The team's observations also revealed the composition of the white dwarf. Early in the explosion, the researchers were able to record the light spectra of material from the lower-density, outermost layers of the star, including small bits that hadn’t burned at all. They found the fingerprints of carbon and, for the first time, oxygen, moving at high speed. Nugent and his colleagues conclude that the star that exploded was a white dwarf composed mostly of carbon and oxygen. 

The team also concluded that the white dwarf’s companion was probably a star that still burns hydrogen at its core, as the Sun does, rather than a larger red giant. Had the expanding shock wave from the exploded star collided with a red giant, the explosion would have become much brighter than was observed.

No giants

Using independent methodology, Weidong Li, an astronomer at the University of California, Berkeley, and his colleagues also ruled out a red giant as the companion star2. Li and his collaborators analysed high-resolution images of the Pinwheel galaxy, taken by the Hubble Space Telescope before the star exploded. The Hubble pictures do not record a star in what would be the location of the supernova, thus eliminating the possibility that the companion star was a red giant, which would have been bright, bloated and therefore easily visible.

Stan Woosley, a theoretical astronomer at the University of California, Santa Cruz, notes that although the companion's identity remains unknown, the findings seem to vindicate the standard model for type Ia supernovae — down to the type of white dwarf at the heart of the event. He adds that the companion can't have been very small or faint, given that it must have been able to donate a sizable chunk of mass to the white dwarf.
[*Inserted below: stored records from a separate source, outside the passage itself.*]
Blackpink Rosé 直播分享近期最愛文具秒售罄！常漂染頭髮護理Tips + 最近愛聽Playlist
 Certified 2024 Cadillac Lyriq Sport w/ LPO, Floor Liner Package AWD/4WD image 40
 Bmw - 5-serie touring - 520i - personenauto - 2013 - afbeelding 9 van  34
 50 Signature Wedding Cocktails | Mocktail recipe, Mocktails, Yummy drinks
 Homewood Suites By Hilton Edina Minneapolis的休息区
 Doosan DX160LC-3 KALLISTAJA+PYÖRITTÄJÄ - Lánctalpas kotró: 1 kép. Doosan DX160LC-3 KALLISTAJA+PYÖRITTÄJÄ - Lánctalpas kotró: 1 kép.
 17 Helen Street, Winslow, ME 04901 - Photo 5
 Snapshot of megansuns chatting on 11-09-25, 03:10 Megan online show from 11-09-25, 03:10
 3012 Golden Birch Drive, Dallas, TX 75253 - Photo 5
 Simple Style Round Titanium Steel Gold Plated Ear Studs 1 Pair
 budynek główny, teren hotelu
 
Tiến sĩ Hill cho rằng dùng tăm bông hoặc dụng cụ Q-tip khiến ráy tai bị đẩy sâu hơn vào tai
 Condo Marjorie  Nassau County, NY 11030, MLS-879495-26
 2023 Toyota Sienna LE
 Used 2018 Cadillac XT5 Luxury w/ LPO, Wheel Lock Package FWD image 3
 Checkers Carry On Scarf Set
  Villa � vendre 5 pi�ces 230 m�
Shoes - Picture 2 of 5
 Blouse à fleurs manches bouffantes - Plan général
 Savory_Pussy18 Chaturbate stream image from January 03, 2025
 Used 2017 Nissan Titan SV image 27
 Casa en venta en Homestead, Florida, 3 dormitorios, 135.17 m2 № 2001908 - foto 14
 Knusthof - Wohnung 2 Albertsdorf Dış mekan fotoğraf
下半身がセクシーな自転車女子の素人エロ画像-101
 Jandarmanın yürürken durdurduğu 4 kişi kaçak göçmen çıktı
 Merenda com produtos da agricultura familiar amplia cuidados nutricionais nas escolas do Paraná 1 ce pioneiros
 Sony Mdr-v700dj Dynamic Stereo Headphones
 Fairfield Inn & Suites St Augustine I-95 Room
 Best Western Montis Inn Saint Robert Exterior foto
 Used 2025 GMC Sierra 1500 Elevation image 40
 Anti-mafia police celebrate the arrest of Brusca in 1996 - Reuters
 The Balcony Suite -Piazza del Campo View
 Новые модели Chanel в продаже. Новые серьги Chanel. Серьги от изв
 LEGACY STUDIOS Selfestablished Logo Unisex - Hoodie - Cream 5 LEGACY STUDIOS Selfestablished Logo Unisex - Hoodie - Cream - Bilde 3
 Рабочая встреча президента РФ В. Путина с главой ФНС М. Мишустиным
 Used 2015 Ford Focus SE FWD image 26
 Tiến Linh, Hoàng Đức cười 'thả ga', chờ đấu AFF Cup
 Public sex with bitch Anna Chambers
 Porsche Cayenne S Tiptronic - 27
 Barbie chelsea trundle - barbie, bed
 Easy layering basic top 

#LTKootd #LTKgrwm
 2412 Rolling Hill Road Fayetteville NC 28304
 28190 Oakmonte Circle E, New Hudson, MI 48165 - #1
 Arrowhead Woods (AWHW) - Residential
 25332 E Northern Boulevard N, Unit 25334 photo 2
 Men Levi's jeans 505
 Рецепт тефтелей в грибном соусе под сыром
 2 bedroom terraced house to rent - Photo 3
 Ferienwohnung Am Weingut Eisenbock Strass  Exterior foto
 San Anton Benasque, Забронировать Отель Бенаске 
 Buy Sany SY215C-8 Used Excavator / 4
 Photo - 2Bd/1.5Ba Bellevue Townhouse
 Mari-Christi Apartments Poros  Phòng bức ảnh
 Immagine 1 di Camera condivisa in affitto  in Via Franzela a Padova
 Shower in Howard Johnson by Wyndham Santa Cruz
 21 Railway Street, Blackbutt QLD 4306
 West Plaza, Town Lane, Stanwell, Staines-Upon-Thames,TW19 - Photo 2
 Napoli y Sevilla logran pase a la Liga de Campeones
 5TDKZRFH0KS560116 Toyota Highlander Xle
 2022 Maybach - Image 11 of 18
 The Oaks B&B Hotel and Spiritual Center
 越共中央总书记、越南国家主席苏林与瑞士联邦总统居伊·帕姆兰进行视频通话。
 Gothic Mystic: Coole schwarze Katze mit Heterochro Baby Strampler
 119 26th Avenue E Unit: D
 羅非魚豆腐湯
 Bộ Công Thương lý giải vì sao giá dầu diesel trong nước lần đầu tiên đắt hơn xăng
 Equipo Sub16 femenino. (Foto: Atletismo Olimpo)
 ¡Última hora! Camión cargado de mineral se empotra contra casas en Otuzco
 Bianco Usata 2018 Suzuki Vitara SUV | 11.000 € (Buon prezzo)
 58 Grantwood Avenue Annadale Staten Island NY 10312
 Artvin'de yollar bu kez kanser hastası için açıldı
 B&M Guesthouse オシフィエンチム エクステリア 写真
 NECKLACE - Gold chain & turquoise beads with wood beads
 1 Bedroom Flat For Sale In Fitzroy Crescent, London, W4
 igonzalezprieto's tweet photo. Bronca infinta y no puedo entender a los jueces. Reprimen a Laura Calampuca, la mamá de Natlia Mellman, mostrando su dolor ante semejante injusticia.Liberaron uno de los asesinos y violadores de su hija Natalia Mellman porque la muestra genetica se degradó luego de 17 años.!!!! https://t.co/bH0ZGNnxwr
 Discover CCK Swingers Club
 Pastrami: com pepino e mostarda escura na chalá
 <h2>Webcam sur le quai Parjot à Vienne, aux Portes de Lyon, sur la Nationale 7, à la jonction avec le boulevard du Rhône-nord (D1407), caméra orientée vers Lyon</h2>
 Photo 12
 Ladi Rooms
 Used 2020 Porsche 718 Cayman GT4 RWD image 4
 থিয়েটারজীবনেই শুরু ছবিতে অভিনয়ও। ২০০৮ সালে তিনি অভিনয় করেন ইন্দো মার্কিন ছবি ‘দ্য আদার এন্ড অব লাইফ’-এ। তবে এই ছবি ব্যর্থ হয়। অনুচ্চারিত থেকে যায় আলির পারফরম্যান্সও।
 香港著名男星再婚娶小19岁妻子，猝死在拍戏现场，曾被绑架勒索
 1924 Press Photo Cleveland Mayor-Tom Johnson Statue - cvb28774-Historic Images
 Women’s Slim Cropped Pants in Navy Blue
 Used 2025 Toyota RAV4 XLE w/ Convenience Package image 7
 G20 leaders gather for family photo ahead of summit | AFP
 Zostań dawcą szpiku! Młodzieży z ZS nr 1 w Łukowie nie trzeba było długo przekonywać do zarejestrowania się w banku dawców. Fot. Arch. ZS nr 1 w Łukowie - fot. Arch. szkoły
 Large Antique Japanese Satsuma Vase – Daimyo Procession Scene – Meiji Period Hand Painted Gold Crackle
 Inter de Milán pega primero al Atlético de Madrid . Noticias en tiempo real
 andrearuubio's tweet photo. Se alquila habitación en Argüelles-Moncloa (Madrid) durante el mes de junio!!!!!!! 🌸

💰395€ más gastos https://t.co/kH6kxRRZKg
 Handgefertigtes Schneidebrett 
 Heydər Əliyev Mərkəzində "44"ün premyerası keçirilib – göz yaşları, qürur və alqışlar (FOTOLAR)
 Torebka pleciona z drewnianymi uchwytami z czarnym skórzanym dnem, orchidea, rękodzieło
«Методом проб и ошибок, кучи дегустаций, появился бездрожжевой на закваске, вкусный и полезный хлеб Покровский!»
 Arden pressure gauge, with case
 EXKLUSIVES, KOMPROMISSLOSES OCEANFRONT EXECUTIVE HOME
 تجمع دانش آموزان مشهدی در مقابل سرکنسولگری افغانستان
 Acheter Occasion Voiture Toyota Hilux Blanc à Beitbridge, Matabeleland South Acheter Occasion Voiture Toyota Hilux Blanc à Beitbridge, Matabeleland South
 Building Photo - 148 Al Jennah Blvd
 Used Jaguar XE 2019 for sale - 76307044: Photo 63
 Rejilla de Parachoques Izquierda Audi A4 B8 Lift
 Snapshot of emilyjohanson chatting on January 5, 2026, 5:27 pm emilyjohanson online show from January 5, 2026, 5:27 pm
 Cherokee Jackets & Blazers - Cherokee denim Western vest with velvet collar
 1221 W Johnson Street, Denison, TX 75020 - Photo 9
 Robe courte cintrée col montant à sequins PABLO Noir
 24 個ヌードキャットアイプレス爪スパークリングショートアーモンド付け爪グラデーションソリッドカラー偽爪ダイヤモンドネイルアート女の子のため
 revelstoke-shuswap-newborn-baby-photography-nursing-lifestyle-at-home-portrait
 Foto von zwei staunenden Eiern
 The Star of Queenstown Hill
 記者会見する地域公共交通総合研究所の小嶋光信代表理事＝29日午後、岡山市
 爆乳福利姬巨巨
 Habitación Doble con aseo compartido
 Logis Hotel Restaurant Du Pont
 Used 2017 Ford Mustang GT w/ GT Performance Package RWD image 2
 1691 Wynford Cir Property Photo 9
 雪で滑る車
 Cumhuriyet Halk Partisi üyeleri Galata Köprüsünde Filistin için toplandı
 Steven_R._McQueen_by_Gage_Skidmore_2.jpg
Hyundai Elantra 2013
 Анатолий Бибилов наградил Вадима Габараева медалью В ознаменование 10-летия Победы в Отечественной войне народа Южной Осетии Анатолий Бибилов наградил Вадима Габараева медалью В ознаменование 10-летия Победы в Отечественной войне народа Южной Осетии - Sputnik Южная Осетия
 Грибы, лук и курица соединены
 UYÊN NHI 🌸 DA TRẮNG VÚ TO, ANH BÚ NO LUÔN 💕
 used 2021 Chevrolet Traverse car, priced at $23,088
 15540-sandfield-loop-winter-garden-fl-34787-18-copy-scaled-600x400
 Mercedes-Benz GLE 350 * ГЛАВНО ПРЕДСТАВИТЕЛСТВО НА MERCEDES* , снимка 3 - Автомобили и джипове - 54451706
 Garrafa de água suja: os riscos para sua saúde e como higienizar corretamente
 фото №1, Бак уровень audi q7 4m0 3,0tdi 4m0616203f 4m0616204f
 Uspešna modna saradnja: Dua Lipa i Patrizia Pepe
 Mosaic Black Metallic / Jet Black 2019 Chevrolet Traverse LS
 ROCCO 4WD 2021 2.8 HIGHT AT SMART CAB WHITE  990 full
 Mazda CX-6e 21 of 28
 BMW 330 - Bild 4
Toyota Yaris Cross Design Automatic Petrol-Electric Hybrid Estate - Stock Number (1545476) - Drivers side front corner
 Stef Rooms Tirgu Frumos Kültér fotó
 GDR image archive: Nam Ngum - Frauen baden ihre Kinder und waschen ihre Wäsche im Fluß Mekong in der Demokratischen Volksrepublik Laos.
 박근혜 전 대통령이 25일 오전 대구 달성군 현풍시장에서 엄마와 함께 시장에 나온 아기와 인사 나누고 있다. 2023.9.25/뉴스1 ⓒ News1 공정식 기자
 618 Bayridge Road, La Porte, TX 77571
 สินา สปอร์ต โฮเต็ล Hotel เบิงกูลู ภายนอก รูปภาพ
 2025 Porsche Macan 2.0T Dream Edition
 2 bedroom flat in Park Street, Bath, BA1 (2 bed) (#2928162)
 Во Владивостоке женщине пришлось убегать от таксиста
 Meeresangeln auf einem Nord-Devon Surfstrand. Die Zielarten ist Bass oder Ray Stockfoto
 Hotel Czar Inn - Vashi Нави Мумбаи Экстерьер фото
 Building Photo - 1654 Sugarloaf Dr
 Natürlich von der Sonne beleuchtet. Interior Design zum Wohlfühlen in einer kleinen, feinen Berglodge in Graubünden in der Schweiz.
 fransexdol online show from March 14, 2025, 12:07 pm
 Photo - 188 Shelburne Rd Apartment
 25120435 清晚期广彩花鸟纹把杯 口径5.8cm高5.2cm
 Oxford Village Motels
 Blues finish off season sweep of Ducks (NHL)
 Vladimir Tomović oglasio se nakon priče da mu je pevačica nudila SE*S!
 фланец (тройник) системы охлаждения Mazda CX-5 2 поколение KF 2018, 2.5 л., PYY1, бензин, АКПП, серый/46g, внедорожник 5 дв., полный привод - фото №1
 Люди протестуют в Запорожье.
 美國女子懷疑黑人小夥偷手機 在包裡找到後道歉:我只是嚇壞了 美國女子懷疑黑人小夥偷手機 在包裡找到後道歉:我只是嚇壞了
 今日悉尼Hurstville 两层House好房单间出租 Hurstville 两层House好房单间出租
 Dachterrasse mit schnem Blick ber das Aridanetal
The result carries a larger significance because observations of type Ia supernovae are commonly used as 'standard candles' to probe the expansion of the universe: this year’s Nobel Prize in Physics was awarded to the heads of two teams who used the explosions to discover that cosmic expansion is accelerating rather than slowing down (see '2011 Nobel Prize for Physics: supernovae and the accelerating universe'). Nugent says that by helping to explain how the explosions come about, the latest papers could make type Ia supernovae even more useful as standard candels.

The SN 2011fe observations “will be powerful constraints when the detailed credible models finally emerge”, says Woosley. He also notes that observations of other type Ia supernovae will be needed to determine the level of diversity within the class and whether that diversity will limit how accurately astronomers can measure cosmic expansion based on supernova data.

To that end, a means for obtaining more and better supernovae observations could be less than a decade away. SN 2011fe was discovered by the Palomar Transient Factory in California, a group of robotic telescopes that scans the skies nightly and alerts astronomers if the brightness of a body has changed. Astronomers are hoping that by 2020, a similar but much larger robotic telescope, the Large Synoptic Survey Telescope, will be open for business. This 8.4-metre instrument will scan the entire visible sky every week and could be an important tool for discovering whether type Ia supernovae can have different compositions or types of companions.

“Given the state of computers and the plans for ever larger transient surveys, I expect we are going to learn a lot, possibly pretty soon,” says Woosley.